Statistics
The Bet Test: Spotting Problems in Bayesian A/B Test Analysis
Learn more
Statistical significance is a cornerstone of (data) science. The idea is simple: only accept results with p-value < 0.05 and dismiss the rest as noise. While this heuristic is a good starting point, it can quickly morph into rigid dogma: what I call the Cult of Stat Sig. The cult splits the world into black and white (or green/red and grey, depending on your experimentation platform of choice). Stat sig results are considered unimpeachable and exact; the others are the same as 0. Statistical significance becomes a goal in itself, no longer a tool but something to worship.
The dogmatic approach harms experimentation programs. Its flawed logic leads to poor decision-making, and its rigid rules provide cover for ignoring inconvenient results. However, not all hope is lost: breaking free from the cult without descending into statistical anarchy is possible.
Many experimentation programs emerge from a state of statistical anarchy: Cherry-picked results reported without information on their uncertainty, widespread skepticism about experiment results, always wondering, “Is this real or just noise?” Or overly complex methodologies used without validation, with every analyst using their own notebook and custom approach.
To get out of the state of anarchy, the first step is to establish a baseline of statistical hygiene, often enforced through an experiment platform. A simple, easy-to-follow heuristic is needed. Traditional hypothesis testing and p-values provide such a heuristic: If p-value < 0.05, report the result; if p-value ≥ 0.05, treat it as noise.

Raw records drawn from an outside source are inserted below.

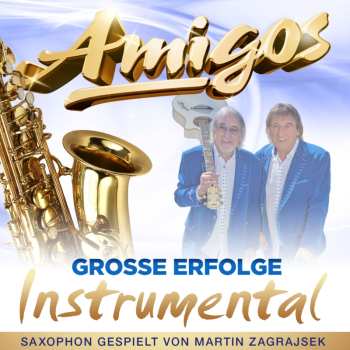 Album Amigos: Grosse Erfolge Instrumental
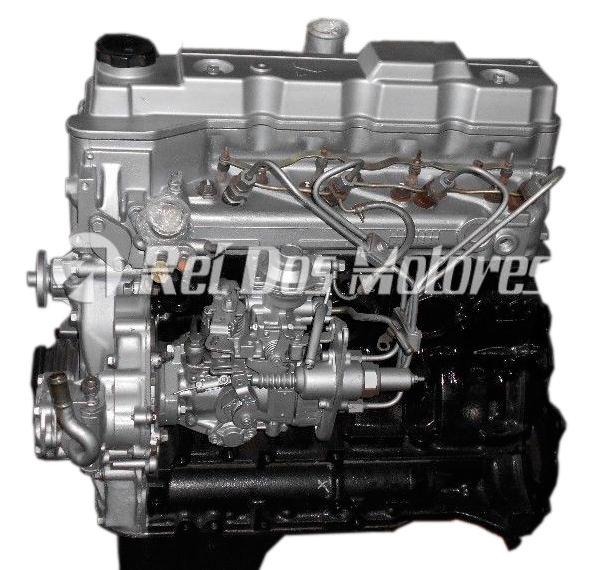 Motor 2.8 Pajero Sport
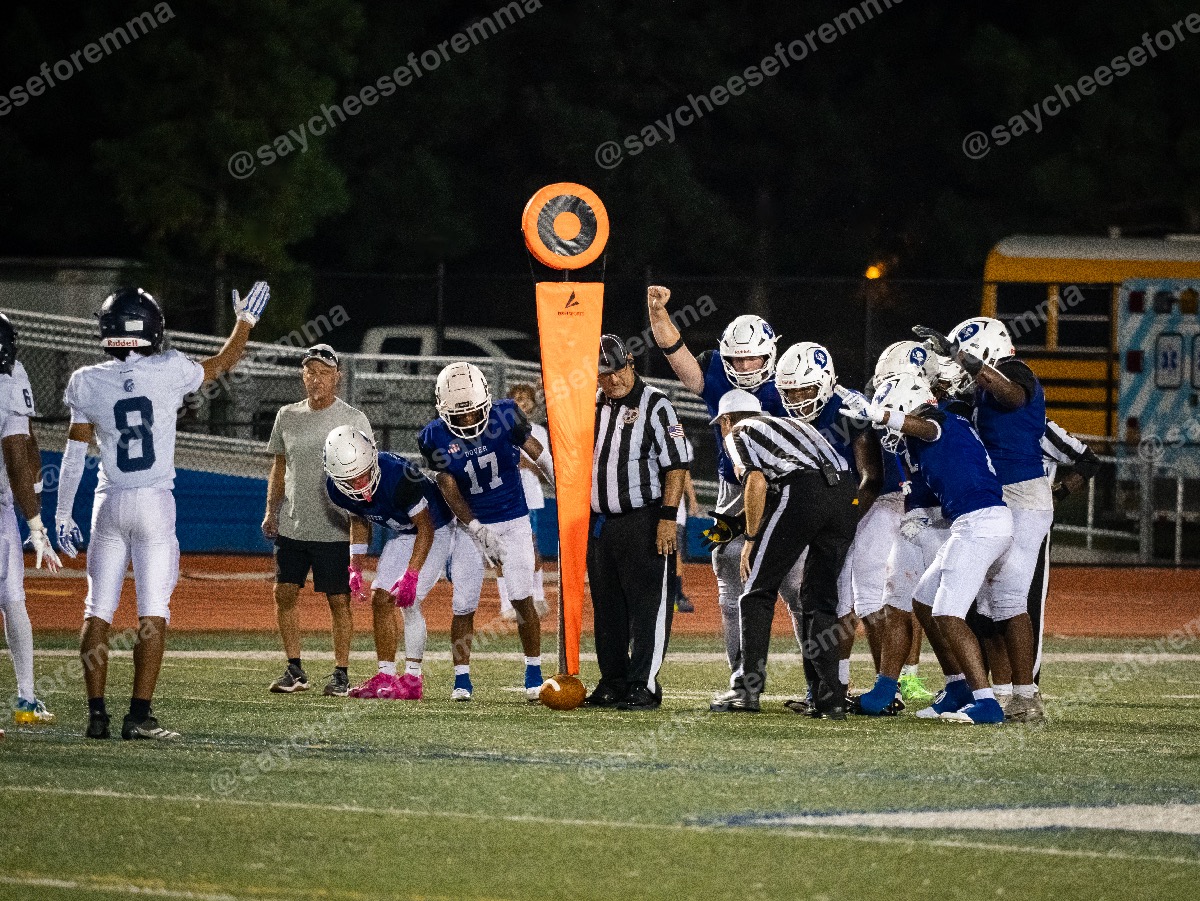 Photo 45 from Varsity football Dover vs. Lake Forest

The heuristic's intent is valid, and following it typically improves things —for a while. Albeit crude, it is a reasonable guideline that can help build trust in positive results and reduce false positives. The problem is when the heuristic is mistaken for a commandment and when its recommendations are taken to fallacious extremes.

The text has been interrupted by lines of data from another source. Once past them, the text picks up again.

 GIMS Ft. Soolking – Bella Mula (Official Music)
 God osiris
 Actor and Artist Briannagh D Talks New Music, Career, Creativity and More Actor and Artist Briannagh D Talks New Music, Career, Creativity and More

Fallacy n.1: If the result is statistically significant, it is an exact measurement. Reaching statistical significance does not mean there is no uncertainty left. An effect is stat sig when you can “reject zero.” Just because you are confident it’s not zero does not mean there is no uncertainty left on the effect size. An estimated lift of +5% with confidence interval (+1%, +9%) contains different information from one with (+4%, +6%). Yet, in the cult of stat sig, they are considered the same result: exactly equal to +5%.
Fallacy n.2: If the result is not statistically significant, it is the same as zero. Another incorrect conclusion due to oversimplification. A wide confidence interval that covers 0% (“not stat sig”) does not contain the same information as a tight confidence interval around 0% (also “not stat sig”). For example, an experiment that moves retention with a confidence interval of (-18%, +2%) is not conventionally stat sig but should give pause. Only a tight interval, roughly centered at 0, would provide evidence that the impact is neutral. Yet, in the cult of stat sig, both are considered to be exact 0s.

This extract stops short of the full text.